La corte venía a ser la misa mayor de la monarquía. El príncipe era su dios y su oficiante, y los grandes funcionarios eraan los acólitos. Versado en lenguas antiguas y modernas, hermoso, generoso, con discreción, elocuente, galante, entregado a la música como Enrique VIII de Inglaterra, al mecenazgo como Francisco I de Francia o a las actividades físicas, el soberano animaba el pequeño mundo cortesano rodeado de su familia, que la muerte reducía con facilidad, de sus confidentes y de sus amantes.

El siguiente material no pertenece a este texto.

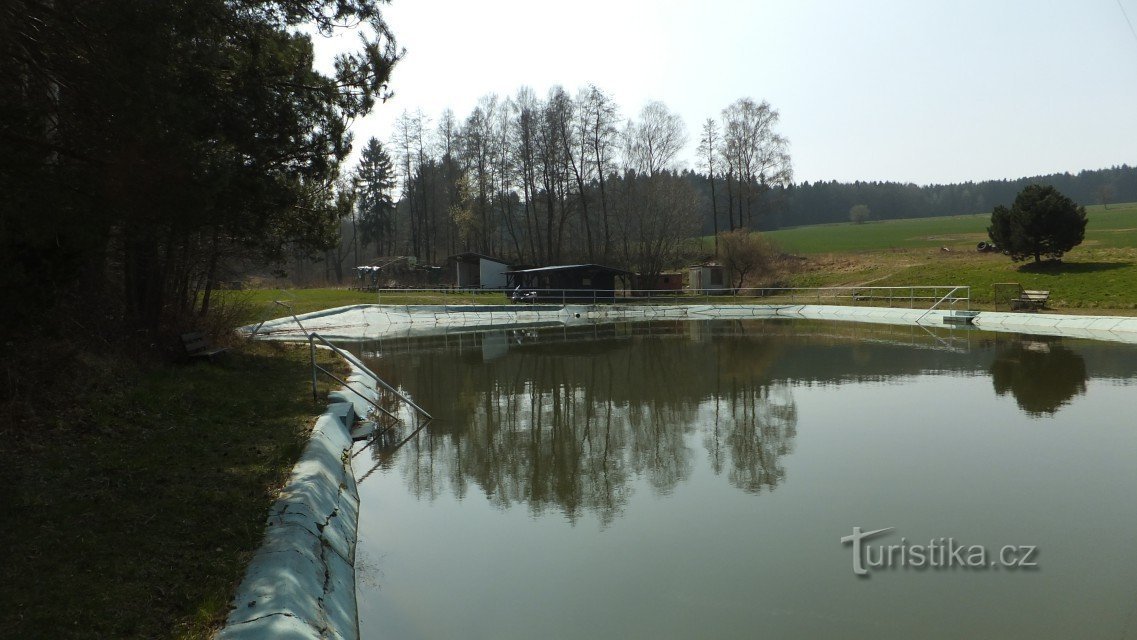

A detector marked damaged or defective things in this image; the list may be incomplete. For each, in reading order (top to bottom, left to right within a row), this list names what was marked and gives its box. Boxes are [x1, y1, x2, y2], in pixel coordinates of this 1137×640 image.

cracked concrete [213, 368, 372, 636]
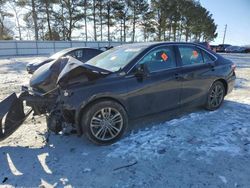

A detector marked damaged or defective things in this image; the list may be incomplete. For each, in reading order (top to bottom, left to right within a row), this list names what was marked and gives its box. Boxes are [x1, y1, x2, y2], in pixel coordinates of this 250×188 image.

damaged sedan [0, 42, 235, 145]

Enrique VIII de Inglaterra La mujer, en efecto, desempeñaba un importante papel en aquella época. Podía figurar en el centgro de oscuras y sangrientas intrigas, como en la corte de Francisco de Médicis (1574-1587), en una atmósfera de amor y de muerte. Pero la principal figura femenina era la reina, a la que se exigían herederos varones -trágica obseción de Enrique VIII-, así como la asistencia a su esposo en sus funciones representativas, al tiempo que se erigia en centro de un brillante círculo de damas de honor y caballeros, a imagen de una Beatriz de Este. También podía convertirse en una reina madre que lo controlara todo, como Catalina de Médicis o la rapaz y rencorosa Luisa de Saboya. Hermana o pariente, en algunos casos se les confiaban funciones importantes, como a Margarita de Austria, María de Hungría y Margarita de Parma en los Países Bajos.
Las rivalidades de clanes, clientelas y linajes se manifestaban claramente con motivo de los cambios de orientación política, que se traducían en la renovación del personal que rodeaba al príncipe. En la corte de los primeros Tudor estas rivalidades tuvieron en muchos casos consecuencias mortales.